We went out while the eye hovered over the city, circling in search of a gas station, any store at all, really, that might still have power. After passing by numerous shuttered establishments, we came upon St. Charles Discount, the only gas station whose neon sign, though only sporting two thirds of its letters, was still glowing. My dad pulled up to the pump, and my sister and mother went in to buy the supplies we needed. I stayed outside. It was only once we got to the gas station that I realized we were all standing in the eye of the hurricane. As I looked up, I was greeted by a freakish yellow sky, as if a fire had been lit inside the belly of the storm, illuminated in the distance by the unnatural blue flash of a power plant giving out somewhere closer to Lake Pontchartrain. What the color of the sky, the wind gusts, and the fallen trees inspired in me was not a sense of fear, but a sense of distraction from myself. I had the feeling that I was a shadow, frozen where I stood amidst the supreme, potentially devastating forces exerting themselves on the world around me. When I drove around the following night, hypnotized by a muted, unrecognizable city, I once again shifted into this mode of self estrangement. It is that same feeling of hollowness or insignificance that develops when you are speaking a language that you barely know, or when you are navigating through a place you have never been to, or—as it is in Sebald’s work—investigating a trauma that you cannot comprehend.

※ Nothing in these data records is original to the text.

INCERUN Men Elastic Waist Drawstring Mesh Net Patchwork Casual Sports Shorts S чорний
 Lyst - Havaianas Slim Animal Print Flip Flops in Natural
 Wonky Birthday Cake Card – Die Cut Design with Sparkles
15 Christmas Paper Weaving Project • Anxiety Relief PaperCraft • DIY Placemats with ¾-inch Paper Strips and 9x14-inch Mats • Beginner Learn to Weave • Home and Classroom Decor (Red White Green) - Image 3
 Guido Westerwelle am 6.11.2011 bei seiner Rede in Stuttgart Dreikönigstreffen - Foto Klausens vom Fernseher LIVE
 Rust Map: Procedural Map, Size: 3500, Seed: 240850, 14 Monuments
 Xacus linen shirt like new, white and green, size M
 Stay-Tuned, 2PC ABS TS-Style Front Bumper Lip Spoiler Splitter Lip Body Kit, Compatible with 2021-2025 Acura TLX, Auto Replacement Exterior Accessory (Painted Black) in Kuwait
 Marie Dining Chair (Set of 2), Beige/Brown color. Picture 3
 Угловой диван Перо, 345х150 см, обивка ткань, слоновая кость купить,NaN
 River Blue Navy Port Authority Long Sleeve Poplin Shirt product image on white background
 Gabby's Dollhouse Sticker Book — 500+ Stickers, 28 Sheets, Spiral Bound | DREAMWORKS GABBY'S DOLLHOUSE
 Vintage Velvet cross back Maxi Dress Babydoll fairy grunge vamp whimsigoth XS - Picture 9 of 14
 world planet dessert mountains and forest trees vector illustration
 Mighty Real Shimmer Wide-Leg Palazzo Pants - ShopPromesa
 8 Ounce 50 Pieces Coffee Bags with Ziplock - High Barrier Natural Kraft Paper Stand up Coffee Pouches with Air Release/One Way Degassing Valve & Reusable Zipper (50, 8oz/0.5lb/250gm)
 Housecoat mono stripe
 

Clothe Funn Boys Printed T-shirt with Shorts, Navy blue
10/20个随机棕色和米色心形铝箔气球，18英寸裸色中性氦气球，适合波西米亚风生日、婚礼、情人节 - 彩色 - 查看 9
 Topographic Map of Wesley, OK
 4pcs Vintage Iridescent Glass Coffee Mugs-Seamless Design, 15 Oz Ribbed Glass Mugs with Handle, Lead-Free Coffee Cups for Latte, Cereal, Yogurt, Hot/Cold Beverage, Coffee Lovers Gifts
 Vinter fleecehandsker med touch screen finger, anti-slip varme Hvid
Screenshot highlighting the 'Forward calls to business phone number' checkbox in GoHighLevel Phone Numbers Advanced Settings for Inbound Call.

Austerlitz is groundbreaking because it is the prime example I have found in my personal development of a text that manages to address the spiritual tendency that I am drawn to explore but cannot easily access due to the limits of my own language and the jaded reservations of modern life. I consider it a great book because it does not cede to simple answers to the big questions of existence. It possesses a distinct comfortability with doubt. A negative capability to turn its palms to the sky, to leave conclusion somewhere hidden amidst the art. An ultimately mystical capability.